WHAT IS REQUIRED: Without including any picture, repeat the records below exactly.

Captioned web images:
____________

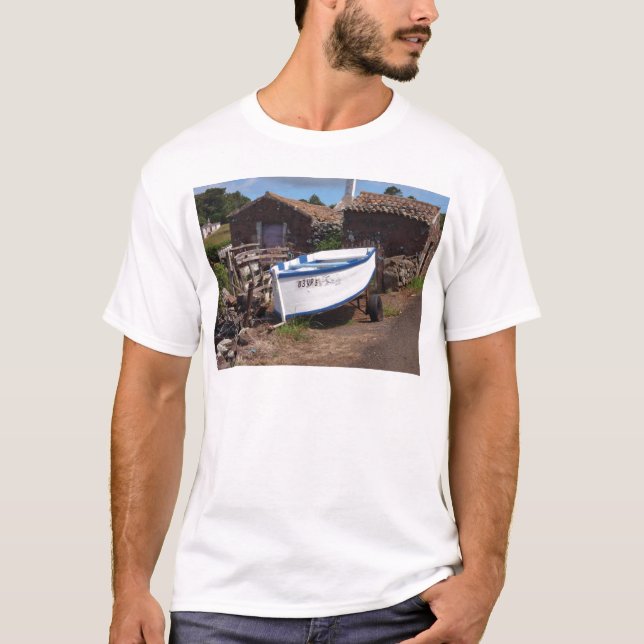 Traditionelles Fischerboot von den Azoren T-Shirt (Vorderseite)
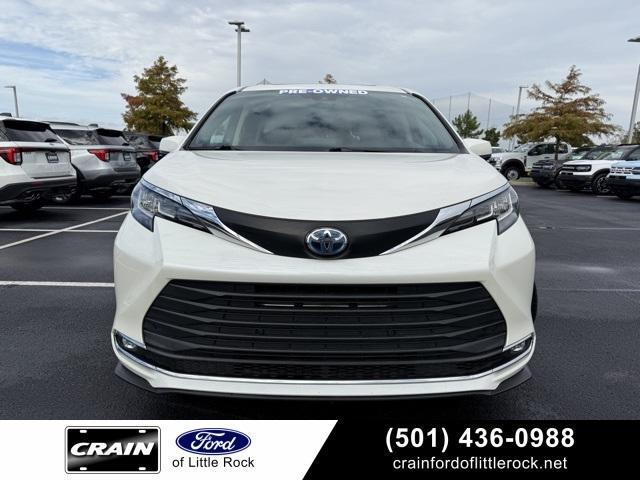 used 2021 Toyota Sienna car, priced at $33,873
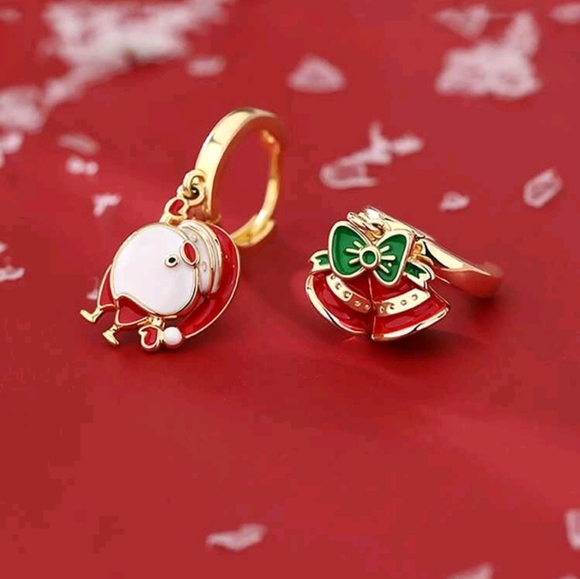 Last One! NEW!  CHRISTMAS Mismatched Earrings - Picture 6 of 8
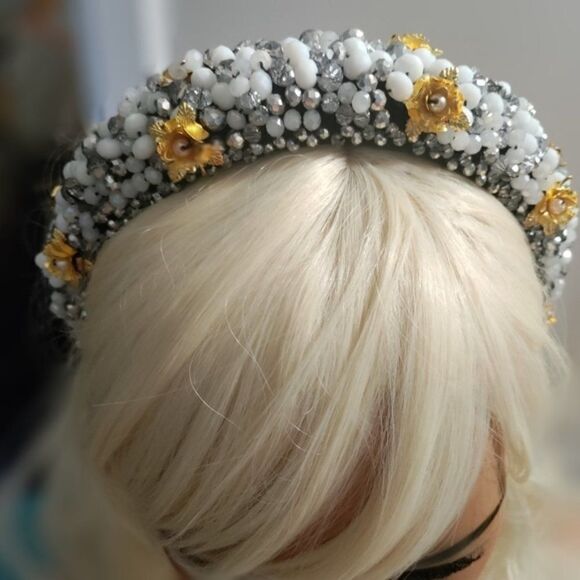 Faceted Beaded Flower Detail Headband - Picture 4 of 12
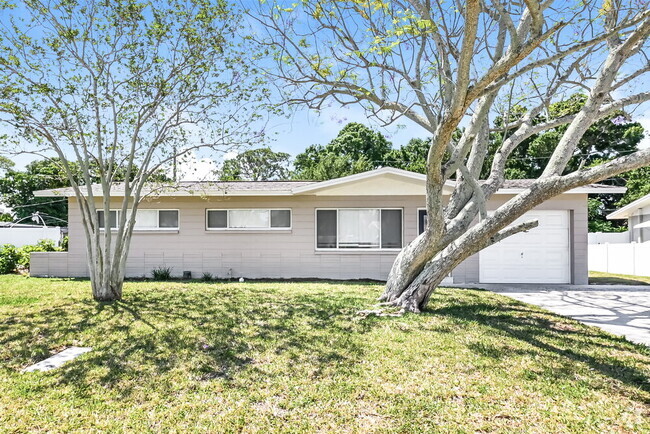 Building Photo - 3608 Sunfish Dr SE Rental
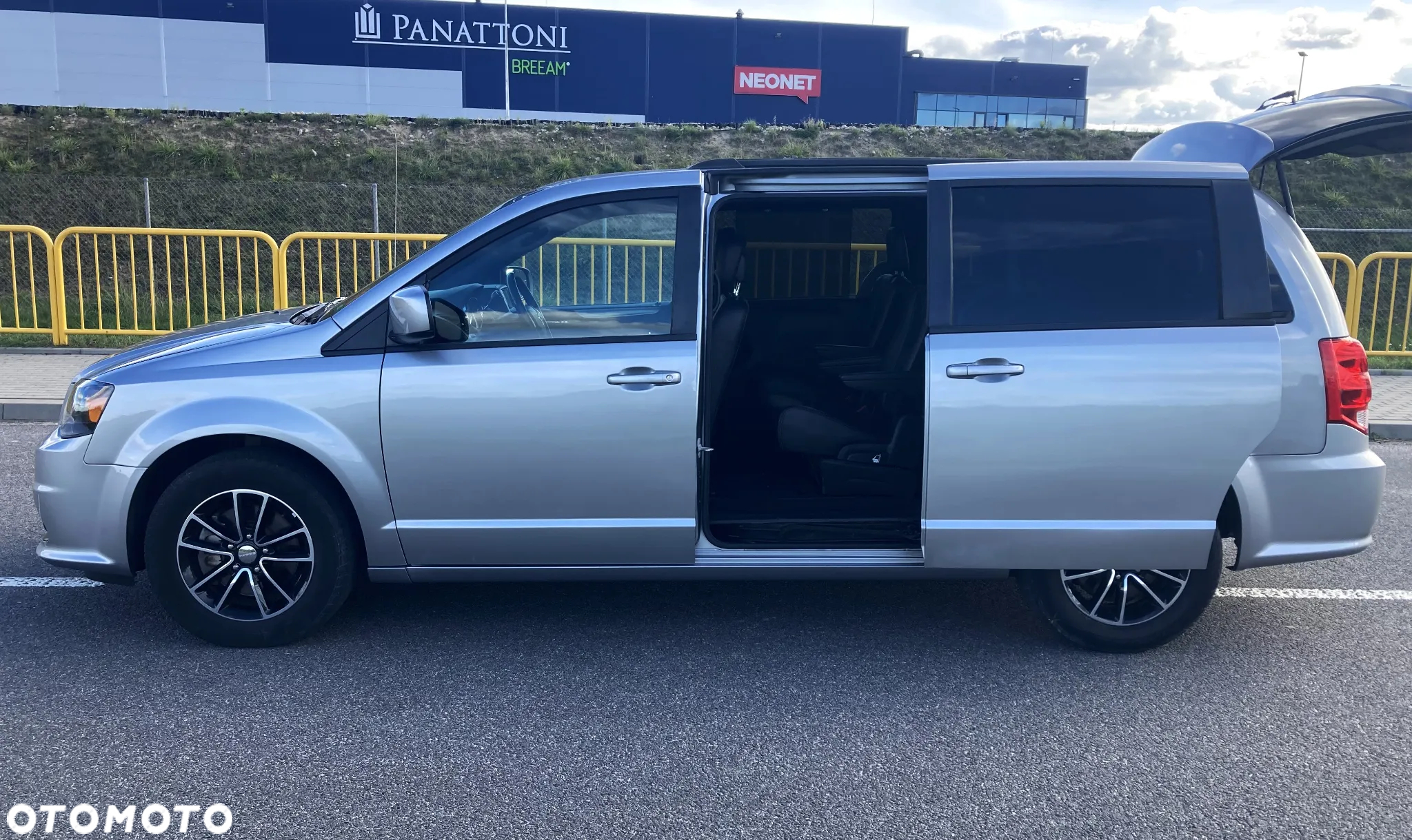 Dodge Grand Caravan - 9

____________

ANSWER SECTION:
 Traditionelles Fischerboot von den Azoren T-Shirt (Vorderseite)
 used 2021 Toyota Sienna car, priced at $33,873
 Last One! NEW!  CHRISTMAS Mismatched Earrings - Picture 6 of 8
 Faceted Beaded Flower Detail Headband - Picture 4 of 12
 Building Photo - 3608 Sunfish Dr SE Rental
 Dodge Grand Caravan - 9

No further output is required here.